Si l’éditeur n’est pas garant du succès, son manque de réactivité dans les actions de promotion du livre, et, surtout, la désorganisation de son réseau de distribution au cours de la période suivant immédiatement la publication d’une œuvre, cruciale pour ses chances de succès, constitue des manquements d’une gravité suffisante pour justifier la résiliation judiciaire du contrat à ses torts.

Un auteur avait conclu avec un éditeur un contrat d’édition portant sur la publication d’un ouvrage avant de l’assigner en résolution et en paiement de dommages et intérêts en raison d’un manquement à l’obligation d’exploiter l’œuvre de manière permanente et suivie. Le tribunal de grande instance de Rennes avait alors prononcé la résiliation du contrat aux torts exclusifs de l’éditeur, et avait condamné ce dernier au paiement de deux sommes : 5 000 au titre du préjudice moral et financier et 3 000 € au titre de l’article 700 du code de procédure civile.

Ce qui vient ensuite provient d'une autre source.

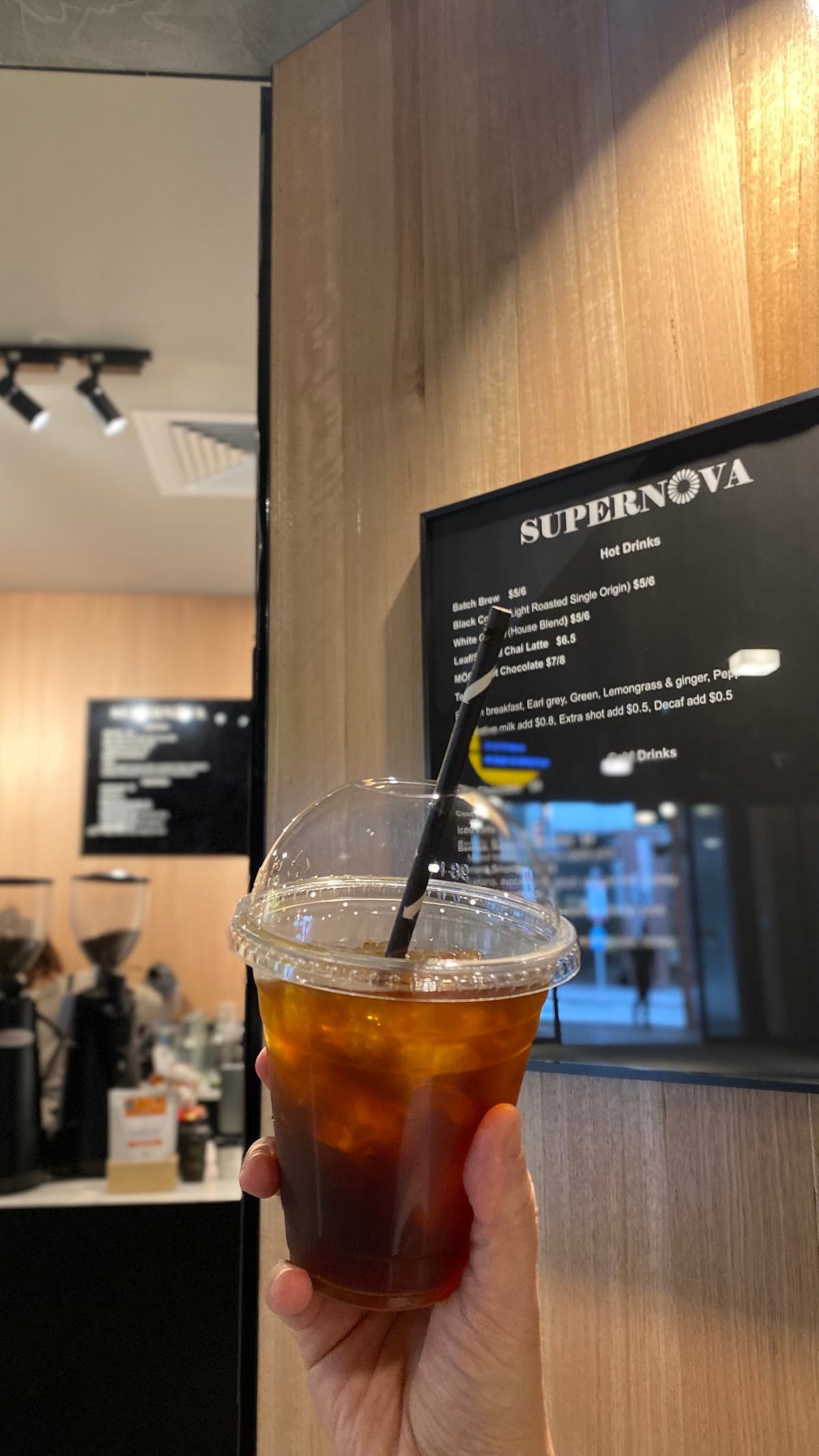 Supernova coffee specialty coffee shop in Melbourne - photo 6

Les juges de première instance s’appuyaient, d’une part, sur les fondements légaux classiques en rappelant l’obligation pour l’éditeur d’assurer une « exploitation permanente et suivie ainsi qu’une diffusion commerciale conformément aux usages de la profession » (v., CPI, art. L. 132-1 et L. 132-12). Ils visaient, d’autre part, un accord interprofessionnel conclu entre auteurs et éditeurs disposant que l’éditeur doit, dans le cadre de l’édition sous une forme imprimée « présenter l’ouvrage sur les catalogues », « indiquer sa disponibilité dans les bases de données », « rendre l’ouvrage disponible dans une qualité respectueuse de l’œuvre » et « livrer les commandes des libraires dans des délais raisonnables » (v. Accord CPE/SNE du 1er déc. 2014, art. 4.1). Ils relevaient, enfin, que les clauses du contrat d’édition prévoyaient un premier tirage minimum à 500 exemplaires et stipulaient que l’éditeur était tenu d’assurer toutes les demandes de livraison et d’avoir à cet effet en permanence en stock un nombre d’exemplaires suffisant.

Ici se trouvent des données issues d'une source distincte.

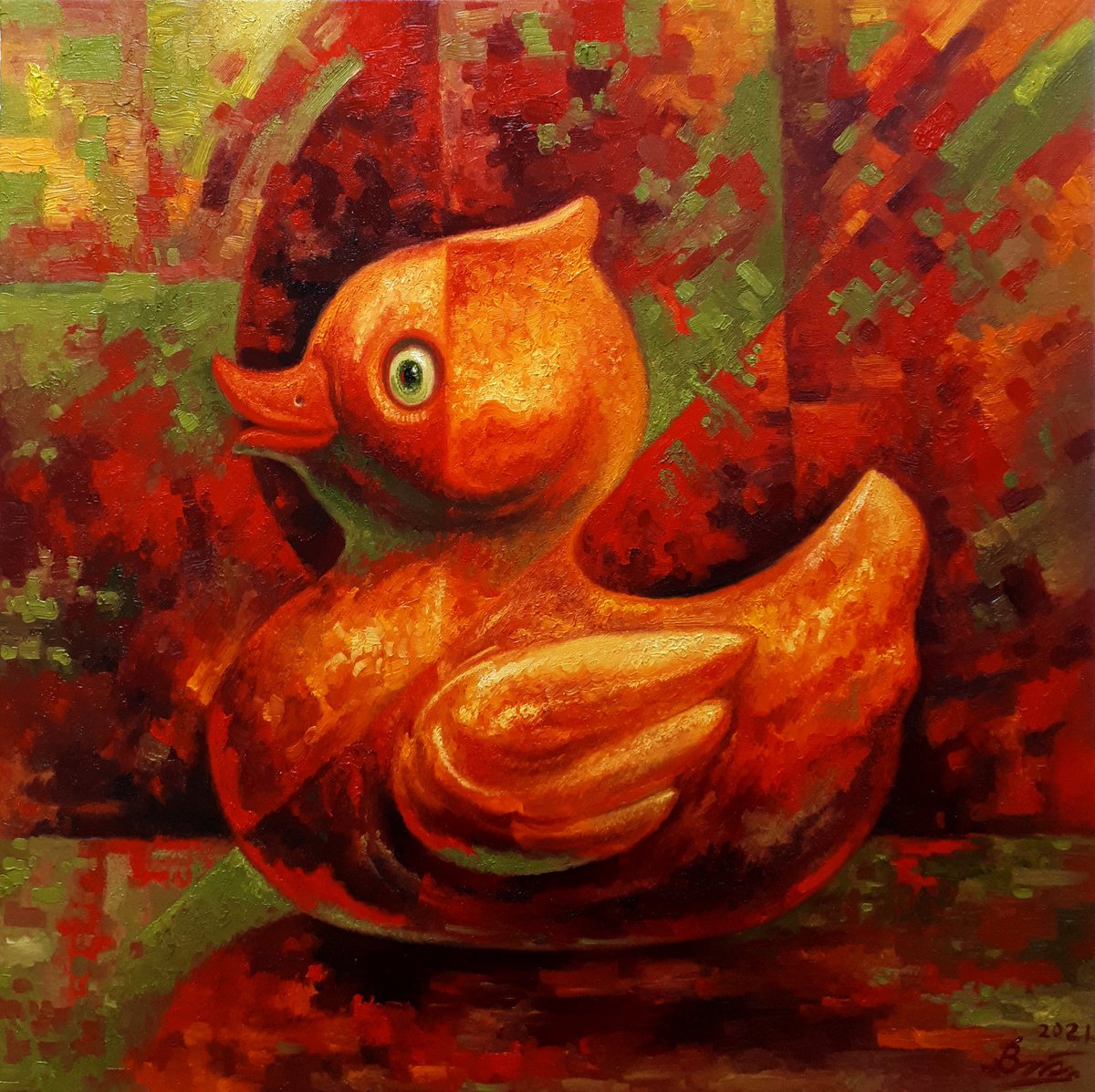 Duckling by Serhii Voichenko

Pour apprécier l’exécution de l’obligation d’exploiter incombant à l’éditeur, les juges avaient alors procédé en deux temps. Ils relevaient d’abord l’ensemble des indices allant dans le sens du respect de cette obligation : l’éditeur avait bien publié l’œuvre et procédé à son dépôt légal, il avait « présenté celle-ci à un salon », il avait « effectué des démarches en vue de son référencement » et bien eu « quelques contacts avec la presse ».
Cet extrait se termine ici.